Using the data that follows, give again word for word the lines between the one holding "New 2026 BMW" and the one holding "Building Photo - 9874 Lakeshore Dr", inclusive. Omit the pictures.

*** Task inputs Section Begins ***

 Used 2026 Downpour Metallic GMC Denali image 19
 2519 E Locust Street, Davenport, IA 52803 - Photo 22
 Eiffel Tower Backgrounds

*** Task inputs Section Ends ***
*** Task inputs Section Begins ***

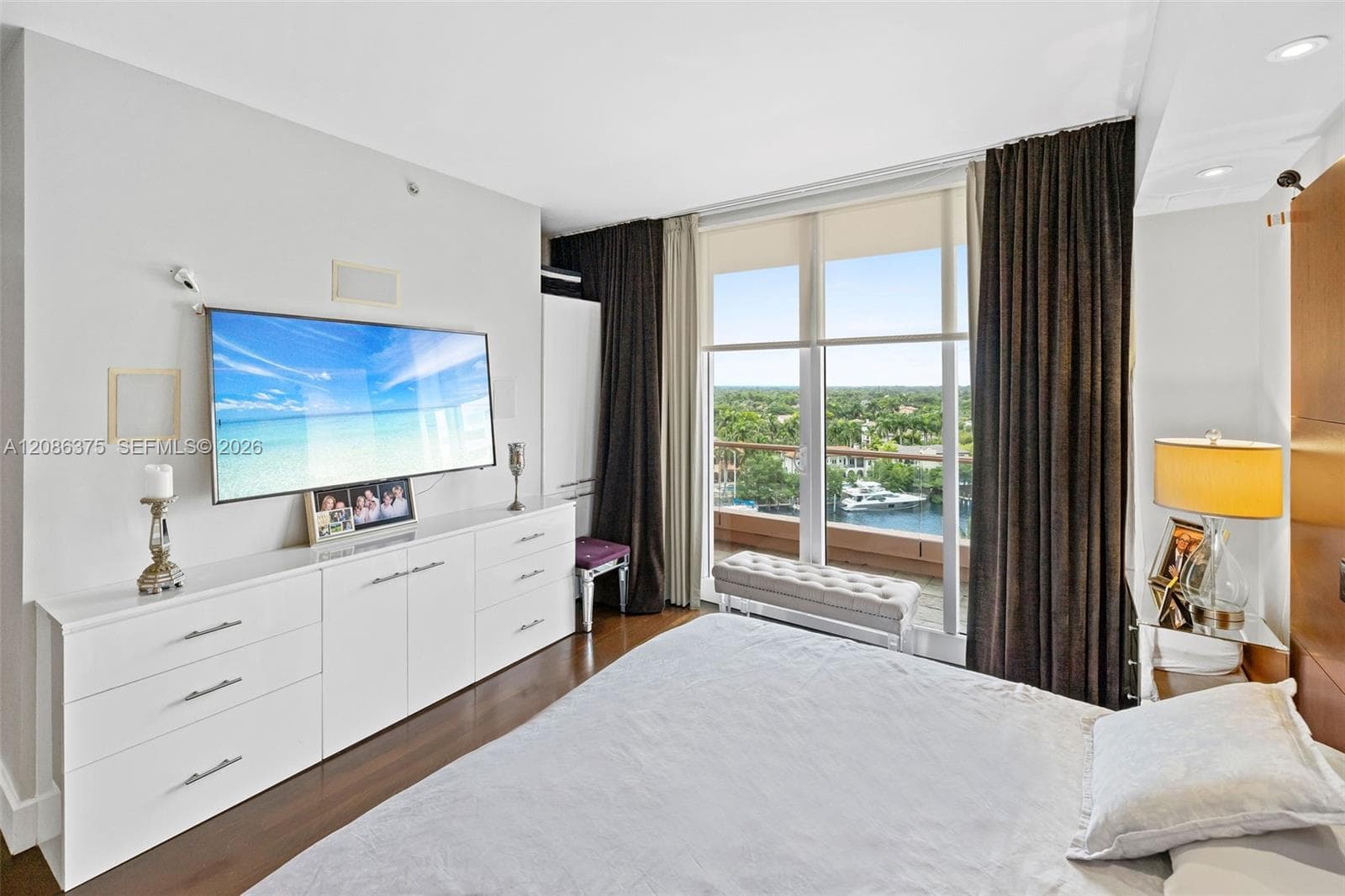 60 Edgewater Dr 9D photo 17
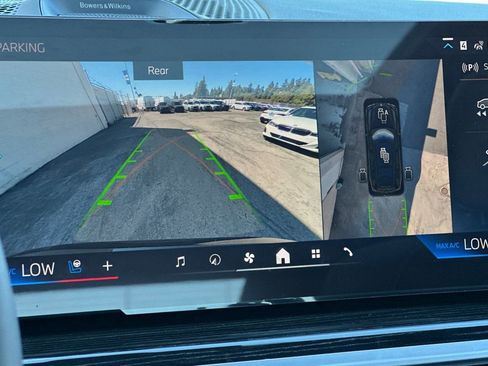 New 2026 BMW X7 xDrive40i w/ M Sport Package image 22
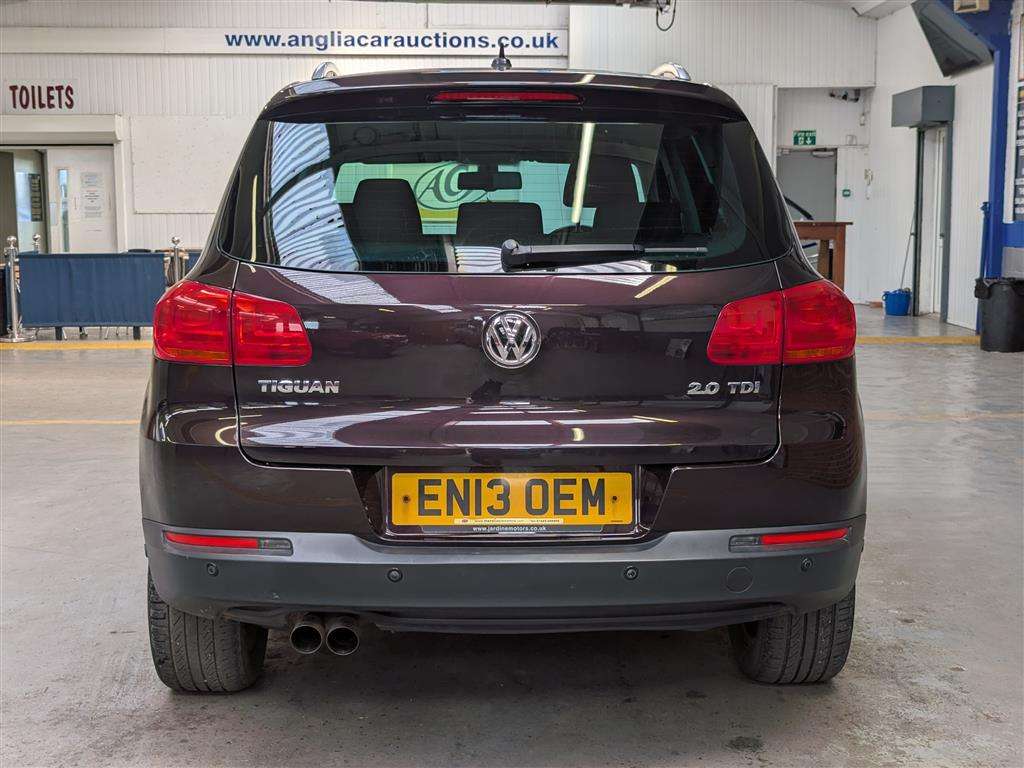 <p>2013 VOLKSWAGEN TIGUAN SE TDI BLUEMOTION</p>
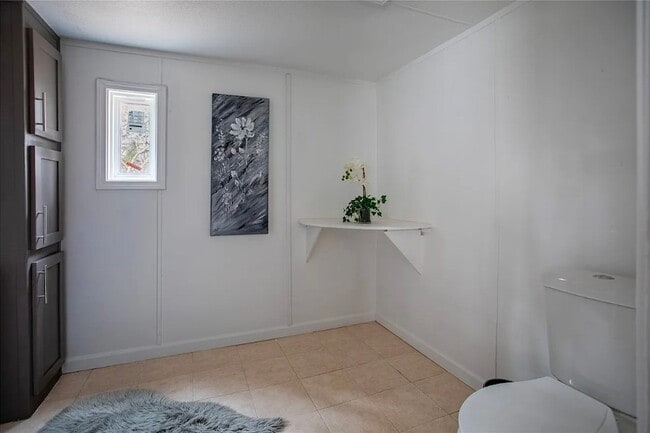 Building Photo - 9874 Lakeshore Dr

*** Task inputs Section Ends ***

**Response area:**
 New 2026 BMW X7 xDrive40i w/ M Sport Package image 22
 <p>2013 VOLKSWAGEN TIGUAN SE TDI BLUEMOTION</p>
 Building Photo - 9874 Lakeshore Dr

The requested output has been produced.